What to work on - The data below holds a line containing "Food Shot 3" and a line containing "Near Hanalei on Kauai, Hawaii"; please quote exactly those two lines and every line between them, and nothing else.

Excerpted data -
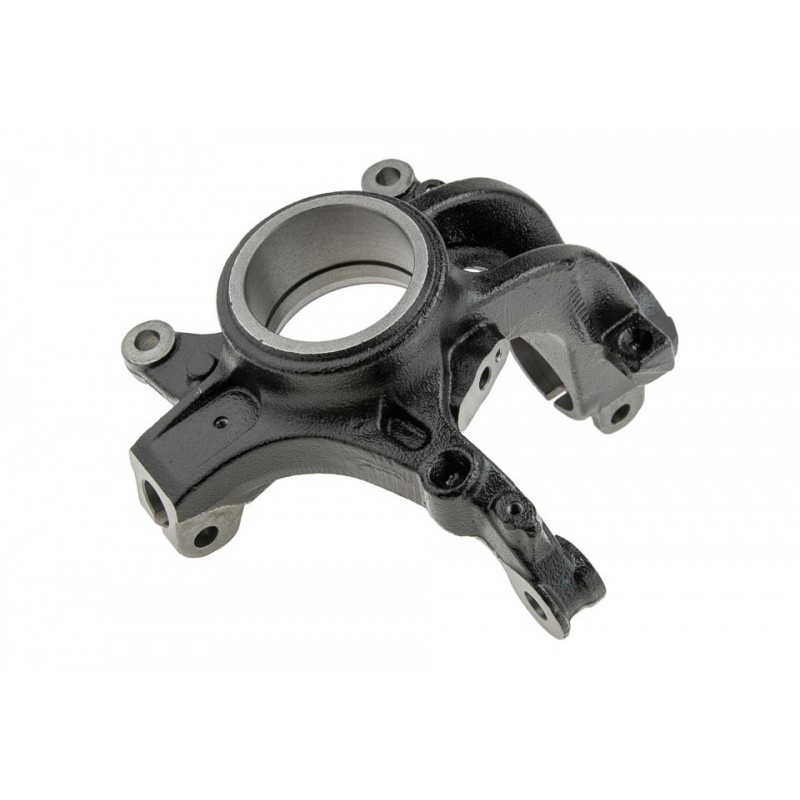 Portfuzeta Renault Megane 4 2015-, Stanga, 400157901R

---

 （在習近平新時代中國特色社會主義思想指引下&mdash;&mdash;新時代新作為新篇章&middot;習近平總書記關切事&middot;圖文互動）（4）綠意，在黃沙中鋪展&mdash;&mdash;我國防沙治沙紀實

---

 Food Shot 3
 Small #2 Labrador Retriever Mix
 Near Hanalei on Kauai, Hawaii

Problem solution -
 Food Shot 3
 Small #2 Labrador Retriever Mix
 Near Hanalei on Kauai, Hawaii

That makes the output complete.